> [Exercise directions]
Each line of the listing where "from" appears should be reported.

> [Extracted data]
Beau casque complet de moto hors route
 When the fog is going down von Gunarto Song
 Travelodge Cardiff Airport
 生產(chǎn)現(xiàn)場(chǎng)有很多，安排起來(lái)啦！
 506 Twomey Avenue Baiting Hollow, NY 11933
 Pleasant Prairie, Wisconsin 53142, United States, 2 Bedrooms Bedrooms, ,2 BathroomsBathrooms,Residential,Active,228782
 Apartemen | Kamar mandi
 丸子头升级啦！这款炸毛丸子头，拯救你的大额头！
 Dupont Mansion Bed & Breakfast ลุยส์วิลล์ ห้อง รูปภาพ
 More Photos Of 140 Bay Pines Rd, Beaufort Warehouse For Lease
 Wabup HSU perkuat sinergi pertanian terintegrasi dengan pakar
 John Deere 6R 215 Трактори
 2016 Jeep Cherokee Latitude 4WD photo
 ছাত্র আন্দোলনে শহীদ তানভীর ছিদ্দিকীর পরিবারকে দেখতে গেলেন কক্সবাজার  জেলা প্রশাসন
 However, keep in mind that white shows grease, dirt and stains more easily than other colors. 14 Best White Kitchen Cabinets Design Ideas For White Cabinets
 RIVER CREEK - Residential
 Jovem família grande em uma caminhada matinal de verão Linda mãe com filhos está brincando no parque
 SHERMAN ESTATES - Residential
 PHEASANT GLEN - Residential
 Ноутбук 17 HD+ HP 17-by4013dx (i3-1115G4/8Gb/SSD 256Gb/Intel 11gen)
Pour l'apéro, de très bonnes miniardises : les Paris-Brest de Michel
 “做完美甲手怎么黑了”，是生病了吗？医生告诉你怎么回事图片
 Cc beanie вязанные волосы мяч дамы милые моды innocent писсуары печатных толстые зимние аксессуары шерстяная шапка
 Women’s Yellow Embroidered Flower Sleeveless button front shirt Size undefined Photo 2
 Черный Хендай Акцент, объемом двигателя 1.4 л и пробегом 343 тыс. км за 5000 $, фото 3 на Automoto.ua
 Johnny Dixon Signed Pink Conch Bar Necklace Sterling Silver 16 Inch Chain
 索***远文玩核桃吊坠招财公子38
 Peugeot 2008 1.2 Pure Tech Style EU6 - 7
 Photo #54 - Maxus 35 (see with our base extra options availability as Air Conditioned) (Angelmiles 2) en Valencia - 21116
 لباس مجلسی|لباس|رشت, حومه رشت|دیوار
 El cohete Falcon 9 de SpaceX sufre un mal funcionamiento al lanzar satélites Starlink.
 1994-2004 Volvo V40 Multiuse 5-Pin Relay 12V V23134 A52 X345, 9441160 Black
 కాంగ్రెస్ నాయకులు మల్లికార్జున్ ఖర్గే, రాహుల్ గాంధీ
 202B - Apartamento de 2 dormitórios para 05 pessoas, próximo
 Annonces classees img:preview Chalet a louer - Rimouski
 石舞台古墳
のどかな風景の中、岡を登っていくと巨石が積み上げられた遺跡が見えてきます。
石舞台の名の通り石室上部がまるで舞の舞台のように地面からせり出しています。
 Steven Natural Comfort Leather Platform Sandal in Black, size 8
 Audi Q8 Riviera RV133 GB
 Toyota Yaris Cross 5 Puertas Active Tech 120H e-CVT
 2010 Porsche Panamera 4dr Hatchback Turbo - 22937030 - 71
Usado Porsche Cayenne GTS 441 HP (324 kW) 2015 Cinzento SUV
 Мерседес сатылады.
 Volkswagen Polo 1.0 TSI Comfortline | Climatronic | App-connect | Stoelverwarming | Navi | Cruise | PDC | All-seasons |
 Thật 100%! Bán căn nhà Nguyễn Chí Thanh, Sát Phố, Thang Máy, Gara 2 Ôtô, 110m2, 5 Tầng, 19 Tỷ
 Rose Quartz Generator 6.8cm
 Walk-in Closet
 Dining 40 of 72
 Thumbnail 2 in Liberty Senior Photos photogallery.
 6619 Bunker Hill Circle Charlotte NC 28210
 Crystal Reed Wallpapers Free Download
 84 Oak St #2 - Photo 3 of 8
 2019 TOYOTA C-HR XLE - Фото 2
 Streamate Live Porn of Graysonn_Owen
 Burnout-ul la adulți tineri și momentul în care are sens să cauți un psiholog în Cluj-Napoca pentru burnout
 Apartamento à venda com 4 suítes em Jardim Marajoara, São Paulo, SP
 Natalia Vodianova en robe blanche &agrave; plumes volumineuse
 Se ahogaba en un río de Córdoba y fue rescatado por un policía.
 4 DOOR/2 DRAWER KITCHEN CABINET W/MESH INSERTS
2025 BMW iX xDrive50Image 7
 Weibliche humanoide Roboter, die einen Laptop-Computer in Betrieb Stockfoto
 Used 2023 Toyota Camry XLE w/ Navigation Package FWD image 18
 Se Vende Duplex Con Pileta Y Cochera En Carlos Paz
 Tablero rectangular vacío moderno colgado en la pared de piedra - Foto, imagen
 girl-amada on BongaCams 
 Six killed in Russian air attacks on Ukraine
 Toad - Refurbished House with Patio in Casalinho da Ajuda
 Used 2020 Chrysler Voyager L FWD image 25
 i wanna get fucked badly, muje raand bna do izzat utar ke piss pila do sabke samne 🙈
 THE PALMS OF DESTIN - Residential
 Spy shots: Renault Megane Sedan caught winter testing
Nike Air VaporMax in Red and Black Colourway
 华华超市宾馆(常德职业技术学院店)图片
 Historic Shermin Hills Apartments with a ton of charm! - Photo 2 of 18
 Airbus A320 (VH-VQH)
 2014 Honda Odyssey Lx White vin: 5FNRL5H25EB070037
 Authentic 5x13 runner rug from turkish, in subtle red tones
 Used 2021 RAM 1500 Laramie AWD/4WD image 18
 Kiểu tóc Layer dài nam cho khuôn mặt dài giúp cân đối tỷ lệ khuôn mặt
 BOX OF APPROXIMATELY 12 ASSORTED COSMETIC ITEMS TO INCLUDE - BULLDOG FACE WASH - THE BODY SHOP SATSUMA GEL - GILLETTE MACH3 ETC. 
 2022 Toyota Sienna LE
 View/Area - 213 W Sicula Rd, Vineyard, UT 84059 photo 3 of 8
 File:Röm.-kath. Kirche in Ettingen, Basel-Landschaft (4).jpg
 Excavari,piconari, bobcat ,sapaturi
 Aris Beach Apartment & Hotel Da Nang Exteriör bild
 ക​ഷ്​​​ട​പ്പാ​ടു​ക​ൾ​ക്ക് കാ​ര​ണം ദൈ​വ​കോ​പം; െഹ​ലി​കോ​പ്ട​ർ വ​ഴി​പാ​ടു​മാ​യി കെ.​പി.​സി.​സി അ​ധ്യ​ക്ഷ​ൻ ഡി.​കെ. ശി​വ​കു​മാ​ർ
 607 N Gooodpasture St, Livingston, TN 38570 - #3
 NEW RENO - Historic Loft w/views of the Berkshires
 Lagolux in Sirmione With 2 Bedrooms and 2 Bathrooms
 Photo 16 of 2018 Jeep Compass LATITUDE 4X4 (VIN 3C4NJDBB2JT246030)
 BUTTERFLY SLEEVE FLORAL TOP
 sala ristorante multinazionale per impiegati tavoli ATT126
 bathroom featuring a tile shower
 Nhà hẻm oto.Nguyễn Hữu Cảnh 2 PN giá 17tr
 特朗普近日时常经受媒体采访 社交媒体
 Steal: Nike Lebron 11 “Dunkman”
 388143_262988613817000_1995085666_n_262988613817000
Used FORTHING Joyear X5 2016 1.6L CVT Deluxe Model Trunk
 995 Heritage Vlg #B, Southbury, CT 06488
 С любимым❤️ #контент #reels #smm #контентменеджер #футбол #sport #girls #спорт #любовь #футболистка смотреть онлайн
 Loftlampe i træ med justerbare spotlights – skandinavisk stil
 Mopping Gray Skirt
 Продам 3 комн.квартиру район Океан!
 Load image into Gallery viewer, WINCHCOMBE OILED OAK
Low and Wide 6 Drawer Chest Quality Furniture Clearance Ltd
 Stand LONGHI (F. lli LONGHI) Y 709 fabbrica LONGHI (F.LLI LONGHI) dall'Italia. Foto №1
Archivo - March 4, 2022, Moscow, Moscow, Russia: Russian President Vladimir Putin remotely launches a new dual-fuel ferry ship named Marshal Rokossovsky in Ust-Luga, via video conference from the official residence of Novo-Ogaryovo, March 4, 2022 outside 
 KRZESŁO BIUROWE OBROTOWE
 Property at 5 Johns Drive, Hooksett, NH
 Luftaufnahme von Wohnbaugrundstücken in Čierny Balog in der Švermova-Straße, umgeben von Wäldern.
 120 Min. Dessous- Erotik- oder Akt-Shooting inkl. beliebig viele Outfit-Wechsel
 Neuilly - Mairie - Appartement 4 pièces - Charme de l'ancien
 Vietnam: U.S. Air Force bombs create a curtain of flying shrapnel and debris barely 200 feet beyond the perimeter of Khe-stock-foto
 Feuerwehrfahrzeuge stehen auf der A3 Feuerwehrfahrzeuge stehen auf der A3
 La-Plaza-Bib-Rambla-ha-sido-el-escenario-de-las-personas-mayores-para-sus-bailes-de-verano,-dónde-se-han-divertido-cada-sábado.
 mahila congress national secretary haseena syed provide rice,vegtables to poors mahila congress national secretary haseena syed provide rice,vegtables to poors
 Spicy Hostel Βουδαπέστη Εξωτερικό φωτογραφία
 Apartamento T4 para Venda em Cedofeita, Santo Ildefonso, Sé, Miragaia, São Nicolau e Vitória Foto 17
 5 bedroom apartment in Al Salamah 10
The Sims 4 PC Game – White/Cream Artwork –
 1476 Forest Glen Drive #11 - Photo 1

> [Result of this task]
 Authentic 5x13 runner rug from turkish, in subtle red tones
Archivo - March 4, 2022, Moscow, Moscow, Russia: Russian President Vladimir Putin remotely launches a new dual-fuel ferry ship named Marshal Rokossovsky in Ust-Luga, via video conference from the official residence of Novo-Ogaryovo, March 4, 2022 outside 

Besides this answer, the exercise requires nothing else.